Mike: At Startpad, we have these lunch meetings that are open to anyone who wants to come by Startpad, every Thursday at 12:15. People were actually very interested in this. It’s a very geeky subject, how does this work, exactly, and there’s a lot of very interested technical challenges in how it runs. So geeks are very interested in it natively, I think. And at StartPad we are a co-working space where just we have a lot of startups and software entrepreneurs. So there’s a general interest there. When Peter came and he started working in the Bitcoin area, and then we were going to have Dr. Nefario join us, we were thinking, hey, maybe we have a critical mass here to get several people involved and work on related problems.

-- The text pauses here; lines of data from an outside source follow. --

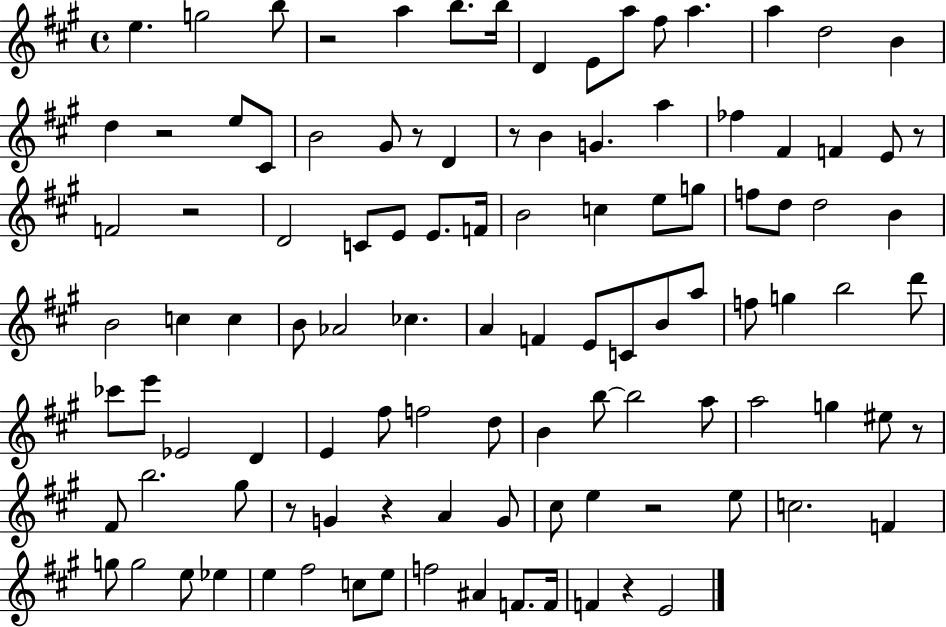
{
  \clef treble
  \time 4/4
  \defaultTimeSignature
  \key a \major
  \repeat volta 2 { e''4. g''2 b''8 | r2 a''4 b''8. b''16 | d'4 e'8 a''8 fis''8 a''4. | a''4 d''2 b'4 | \break d''4 r2 e''8 cis'8 | b'2 gis'8 r8 d'4 | r8 b'4 g'4. a''4 | fes''4 fis'4 f'4 e'8 r8 | \break f'2 r2 | d'2 c'8 e'8 e'8. f'16 | b'2 c''4 e''8 g''8 | f''8 d''8 d''2 b'4 | \break b'2 c''4 c''4 | b'8 aes'2 ces''4. | a'4 f'4 e'8 c'8 b'8 a''8 | f''8 g''4 b''2 d'''8 | \break ces'''8 e'''8 ees'2 d'4 | e'4 fis''8 f''2 d''8 | b'4 b''8~~ b''2 a''8 | a''2 g''4 eis''8 r8 | \break fis'8 b''2. gis''8 | r8 g'4 r4 a'4 g'8 | cis''8 e''4 r2 e''8 | c''2. f'4 | \break g''8 g''2 e''8 ees''4 | e''4 fis''2 c''8 e''8 | f''2 ais'4 f'8. f'16 | f'4 r4 e'2 | \break } \bar "|."
} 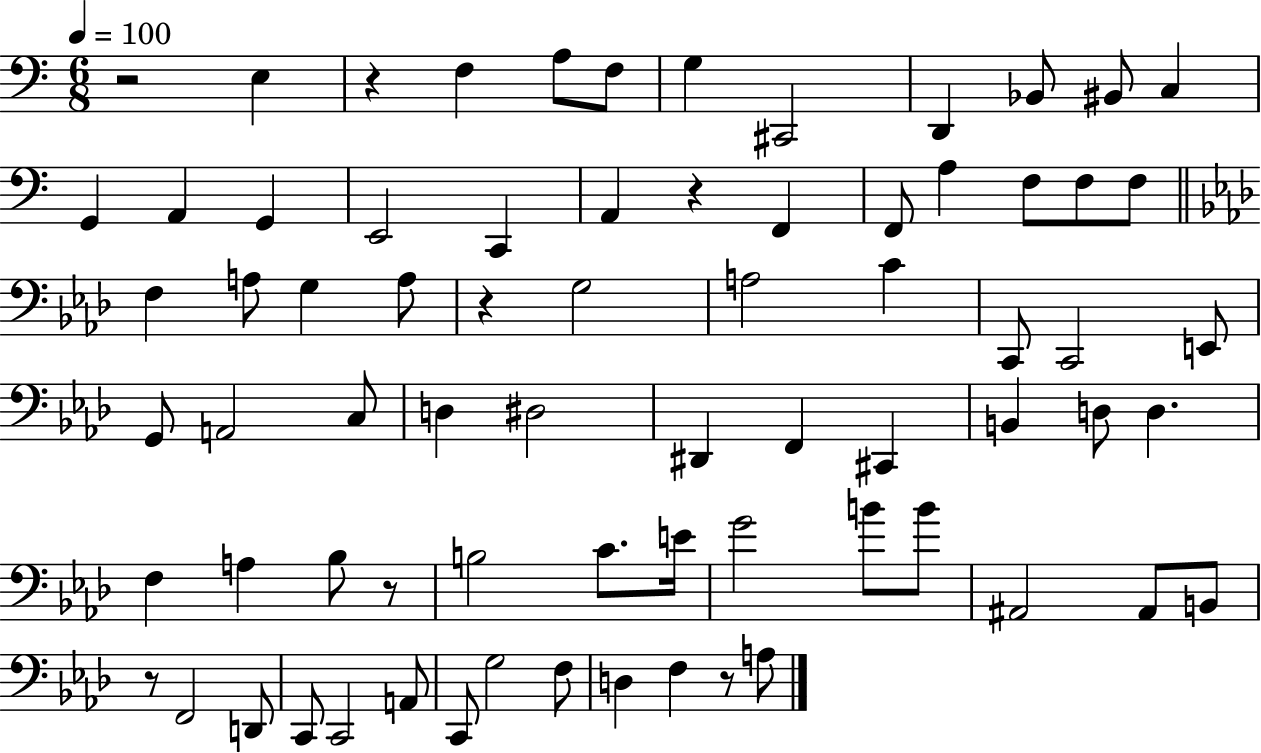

Yeah, I wonder how easily Dr. Nefario would get his startup funded in Seattle under that name.
Peter: I love the idea of having a little incubator for Bitcoin. It’s so virtual, there isn’t really a location right now. The founder of the original exchange, I visited him in Costa Rica. Everybody is all over the world. People still like the idea of ‘come, we’ve got an office.’ I think it would be really fun to see what people are working on.
A big thanks to Peter and Mike for joining us. Listen to the full show below or directly via this MP3 file. You can get every episode of the GeekWire show using this RSS feed, or subscribe in iTunes or Zune. We’ll be back this weekend with another show on GeekWire and 97.3 KIRO-FM in Seattle.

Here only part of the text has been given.